Claude Bessy. Danseuse, chorégraphe, professeur de ballet, Claude Bessy a été danseuse étoile à l'Opéra national de Paris, avant de diriger l'Ecole de Danse rattachée à ce même Opéra. Elle prend ses premiers cours de danse en 1942, avant d'entrer quatre mois plus tard à l'école de danse de l'Opéra de Paris. En 1944, à l'âge de 13 ans, elle intègre le corps de ballet de l'Opéra de Paris en tant que deuxième quadrille.

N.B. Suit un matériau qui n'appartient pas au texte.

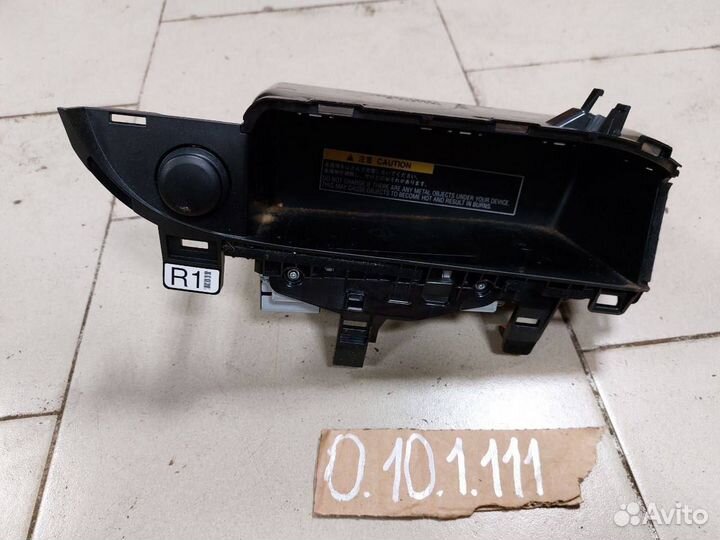 Беспроводное зарядное устройство Lexus Rx 4 RHD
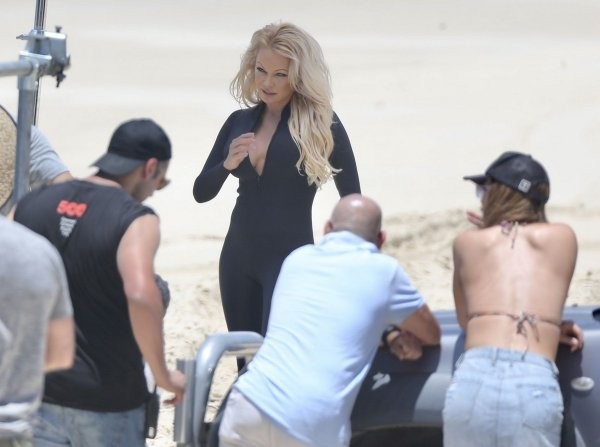 Памела Андерсон вернулась на пляж в облегающем гидрокостюме (30 фото)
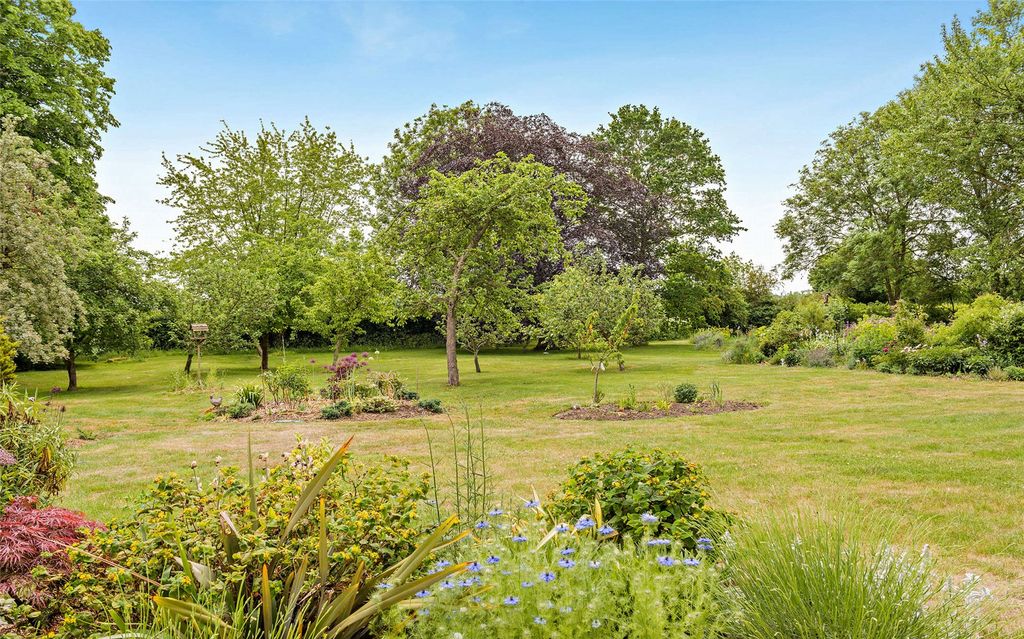 Property photo 2 of 28 Grounds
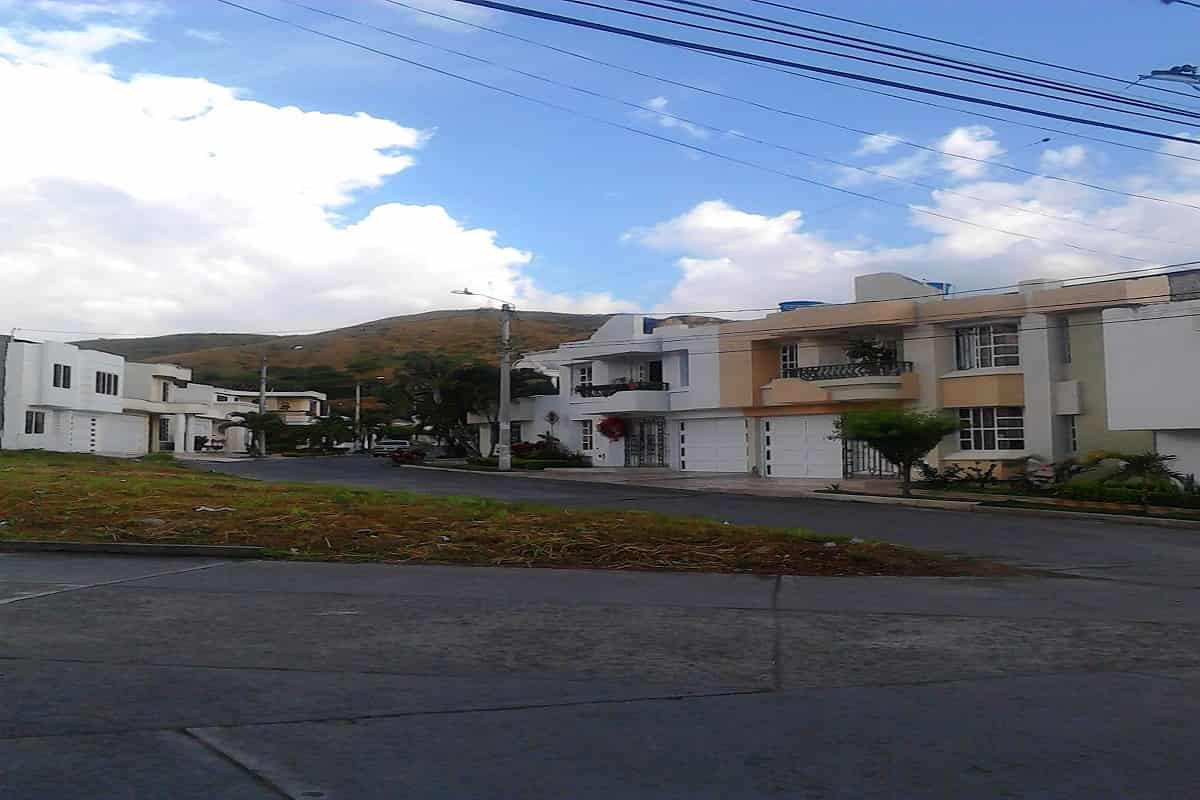Atracos a residencias asolan barrio Lomas del Albergue en Buga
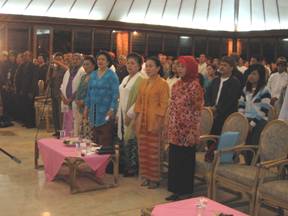 Ibu Hartini Wahyono dan Ibu Anugraheni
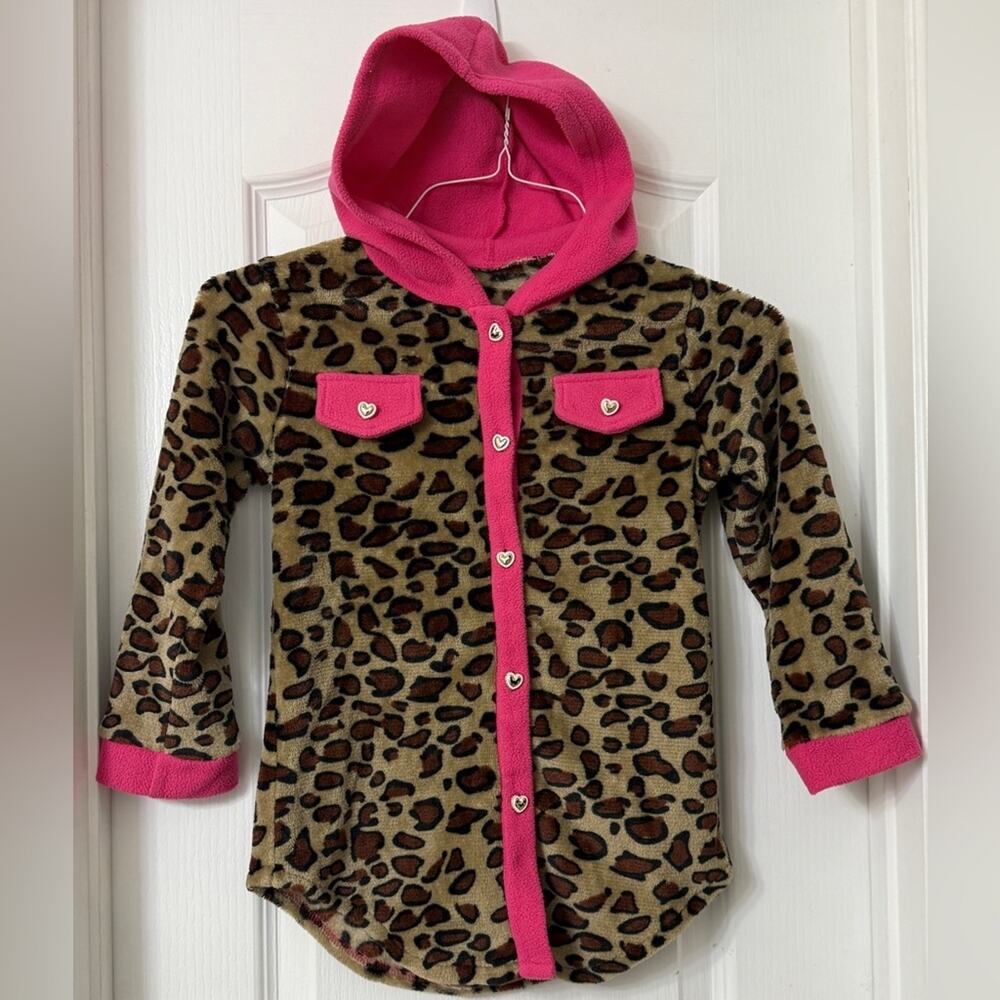 Girls leopard animal print pink hoodie sweater heart buttons size 120 (5-6)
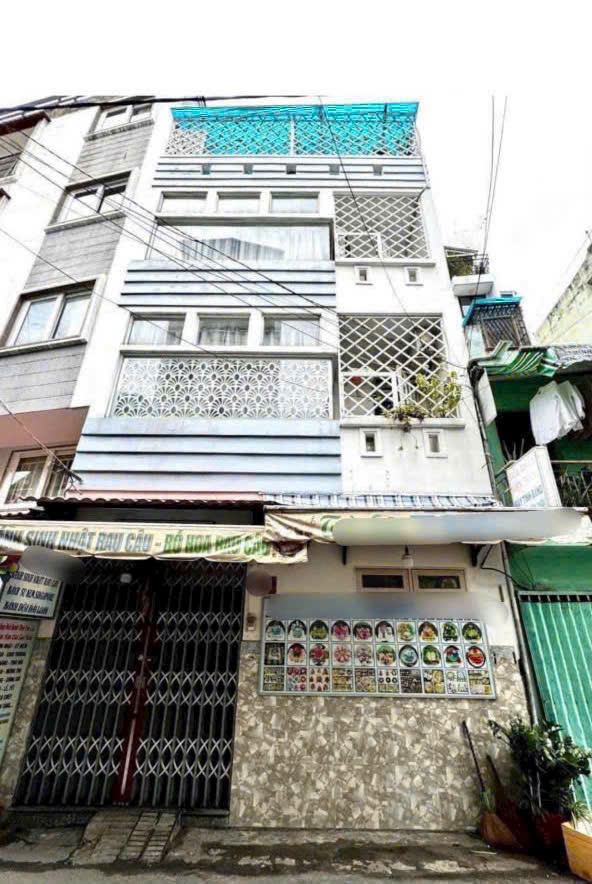 Hẻm Xe Hơi Hoàng Hoa Thám P5 Phú Nhuận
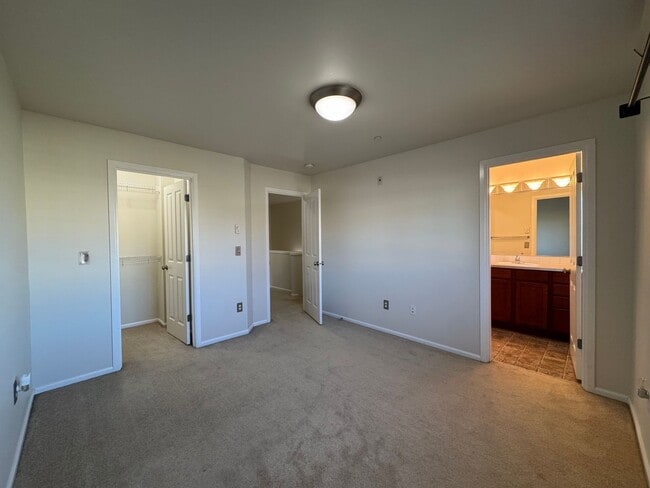Building Photo - 2 Bed, 3 Bath in Cordata Neighborhood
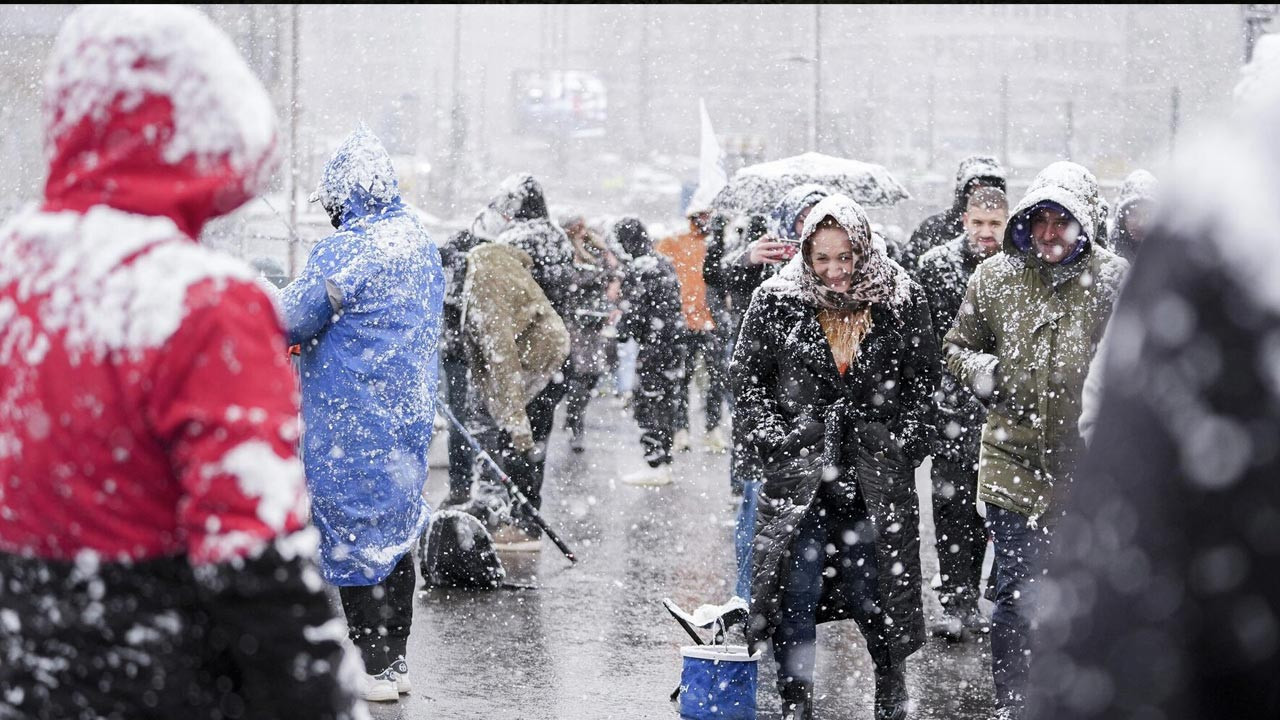 Kar Geri Dönüyor: AKOM ve Meteoroloji Aynı Günü İşaret Etti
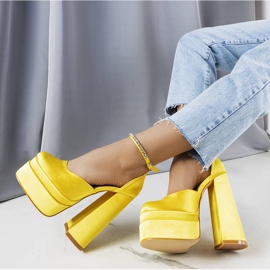 Yellow high heel pumps from Elvira 1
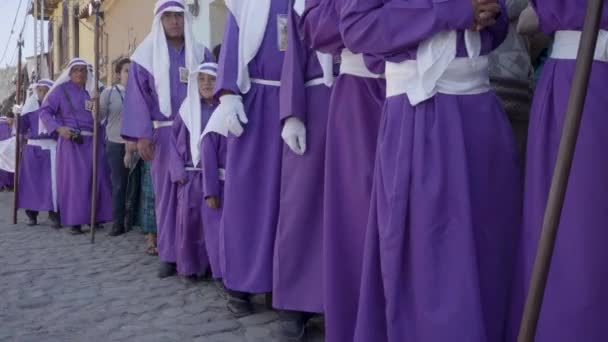 Фіолетове Вбрання Католицькі Священики Марширують Святкових Вихідних Місті Антигуа Гватемала — стокове відео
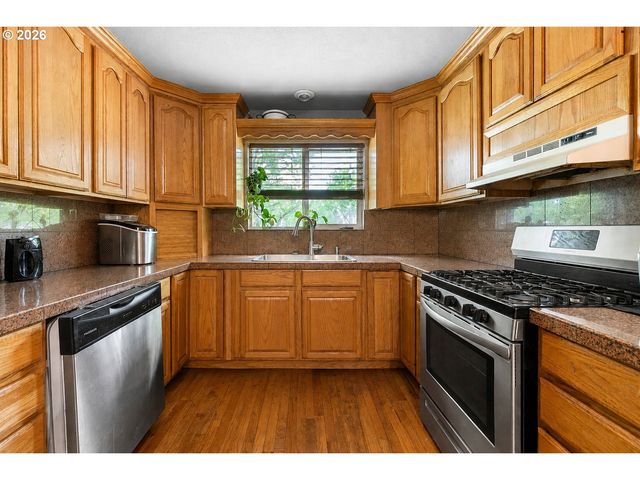 7005 Se 66TH Ave, Portland, OR 97206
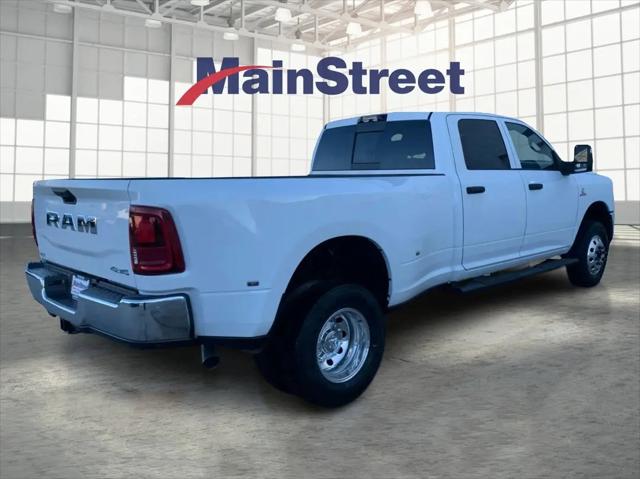 2026 Ram 3500 Tradesman Crew Cab 4x4 8' Box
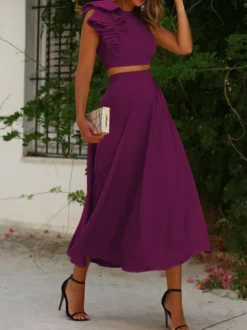 Robe cocktail élégante deux pièces longueur thé col rond plissée
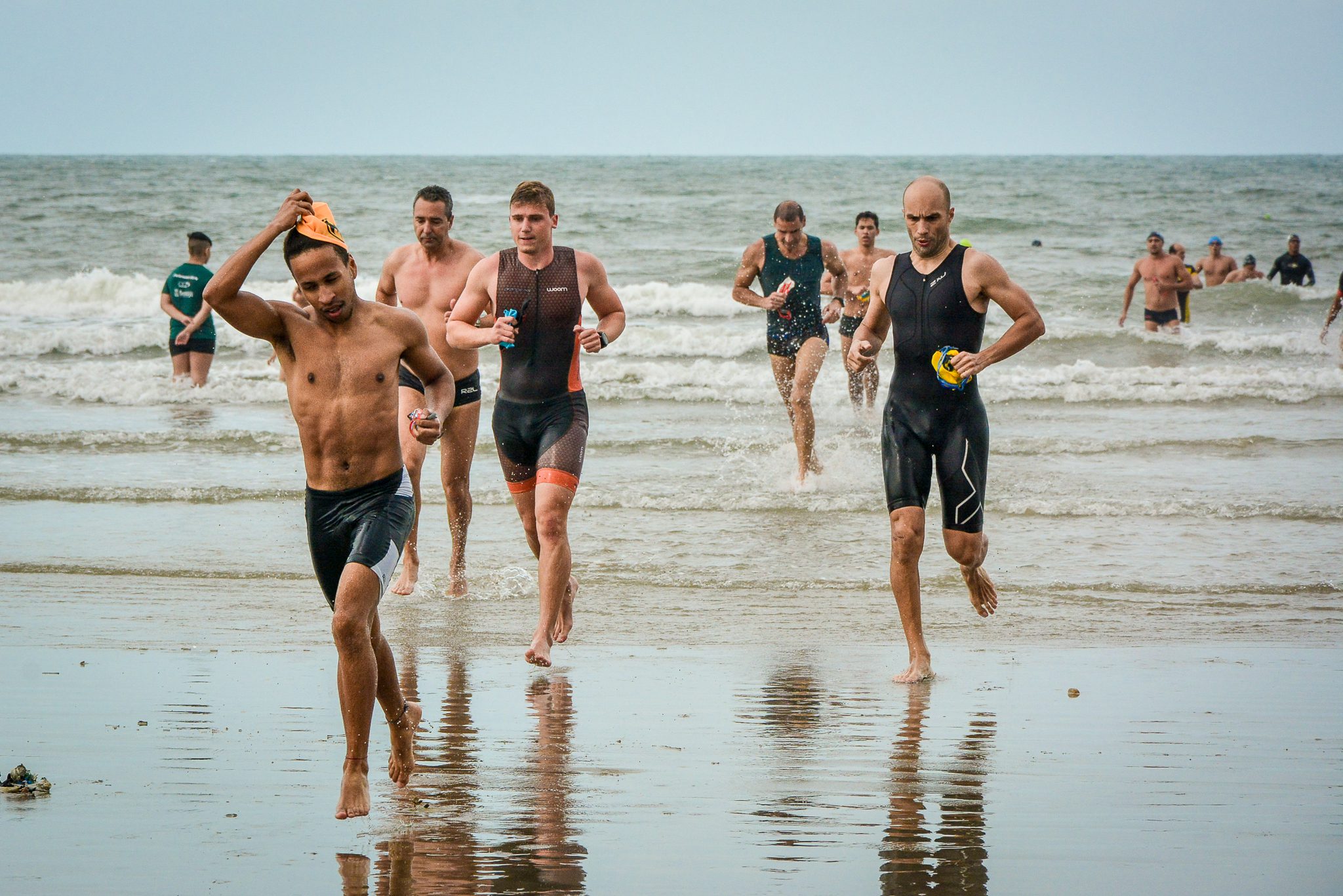 Praia da Enseada recebe provas Crono Series de travessia e triathlon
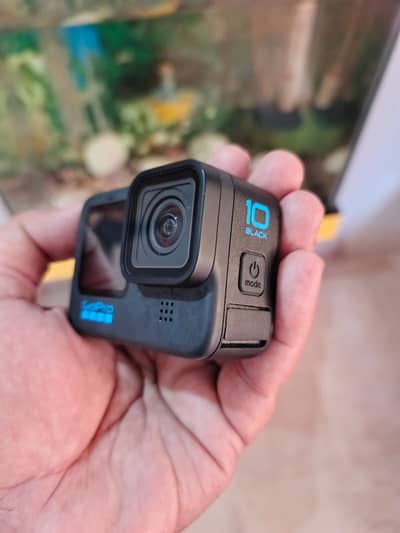 GoPro HERO 10 Black – Like New, Excellent Condition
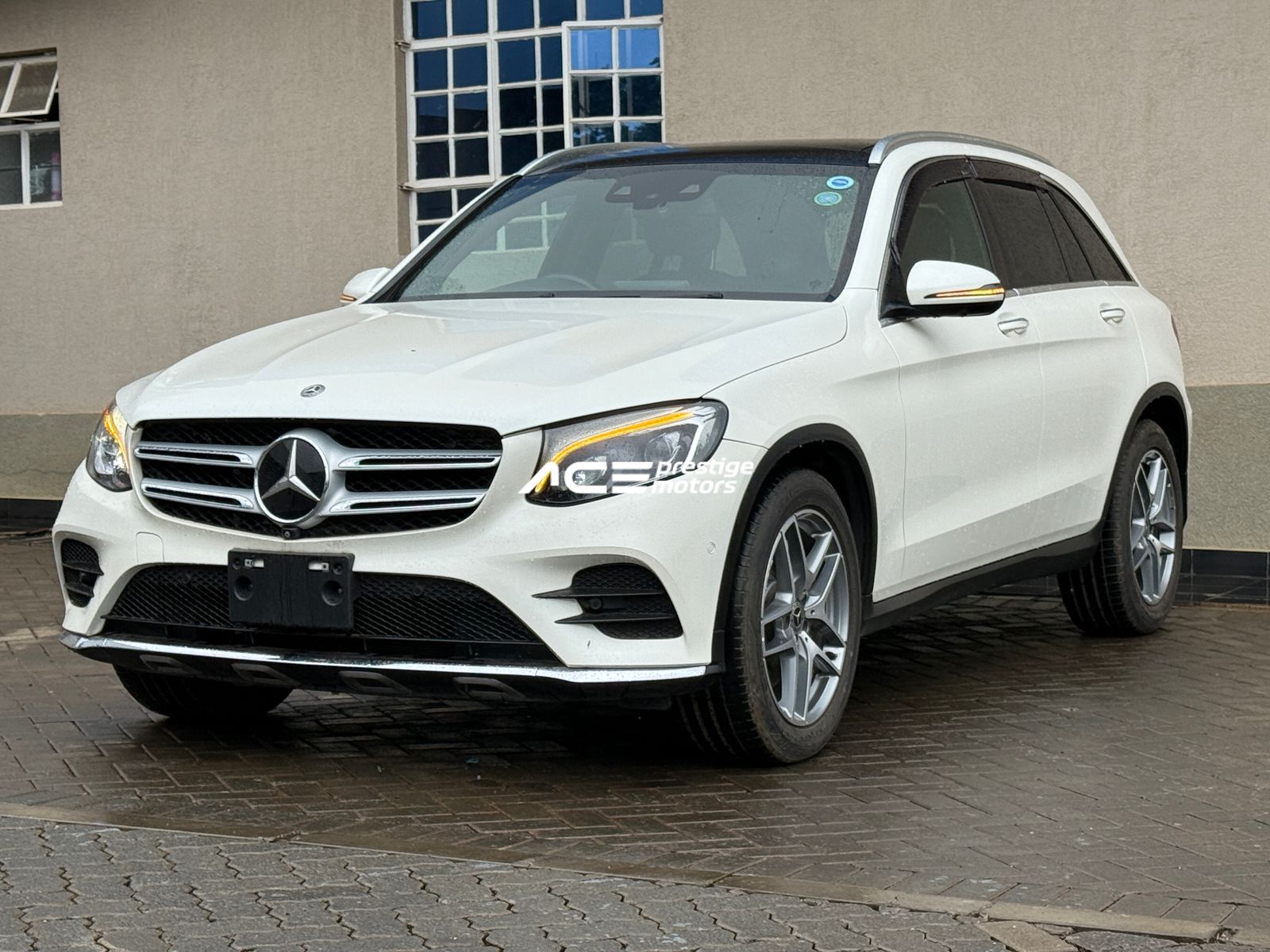 Image of Mercedes Benz GLC 220d YOM - 2017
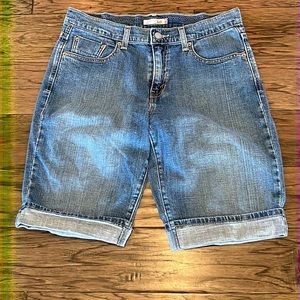 Levi’s 515 Cuffed Shorts Size 8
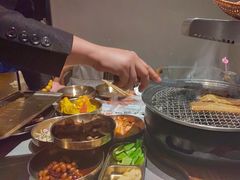 -草家酱蟹炭火烤肉店(珲春南路一店)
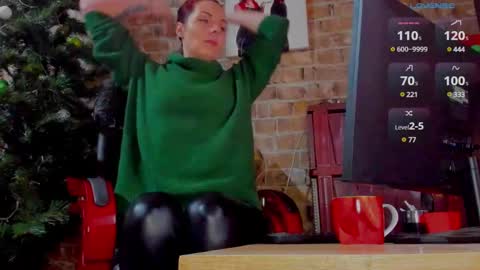 Miss Venus online show from February 2025 10:32:02 AM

Grand sujet en 1949, première danseuse trois ans plus tard, Claude Bessy est nommée étoile en 1957.
En 1972, elle est nommée directrice de l'école de danse de l'Opéra de Paris, fonction qu’elle occupera jusqu'en 2004. Elle a fait en sorte que les élèves puissent monter sur la scène de l’Opéra Garnier au moins une fois par an. Elle est aussi à l’origine du déménagement de l'Ecole de danse dans de nouveaux locaux mieux adaptés, à Nanterre.
Quelques mots de Claude Bessy :
- Un ballet qui vous a plu récemment ?
Claude Bessy : Non pas un ballet mais un magnifique spectacle qui mêle marionnettes mimes et danse, « Voyageurs immobiles », de Philippe Genty au théâtre du Rond-Point à Paris.
- Un danseur particulièrement intéressant ?
Claude Bessy : Matthias Heymann, nommée danseur étoile l’année dernière. Techniquement impeccable, il a aussi de la personnalité et l’intelligence du geste. Il est très jeune. Il va encore se déployer.
- Une danseuse ?
Claude Bessy : Eleonora Abbagnato, qui a, elle aussi, cette chose pas si fréquente : du caractère. Je regrette qu’elle, en revanche, n’ait pas encore été nommée étoile.
Giuseppe Penone. Né en 1947 à Garessio dans le Piémont, le sculpteur Giuseppe Penone est depuis les années soixante-dix une figure majeure de la scène artistique italienne. Son travail se rattache au mouvement de l'arte povera. Depuis plus de trente ans, il approfondit la thématique de l’arbre, recourant aux matériaux les plus variés pour rendre visible dans son œuvre le processus lui-même de création, explorant notre rapport à l'espace naturel, au mouvement, à la vie.
Penone a toujours considérer impossible pour lui de s’installer à Milan, capitale de l’art en Italie. L’œuvre de Penone, fils de paysan, est profondément marquée par l’attachement de l’artiste à son village de Garessio, à sa terre natale de Ligurie,, à la sensualité de ses paysages :
Quelques mots de Giuseppe Penone :
“Le langage de l’art est encore et sera toujours fondé sur les sens […] L’incertitude des sens, des perceptions, ont toujours nourri l’imagination et la production artistique. Il existe […] un ensemble de valeurs, de sensations, de connaissances, d’émotions, de perceptions liées à la matière qu’une lecture mathématique de la réalité ne nous donnera jamais: c’est la sensualité. La sensualité des choses que nos sens déversent en nous rendra toujours actuelle la poésie de Lucrèce.” (Giuseppe Penone, Respirer l’ombre, E.N.S.B.A, 2000.)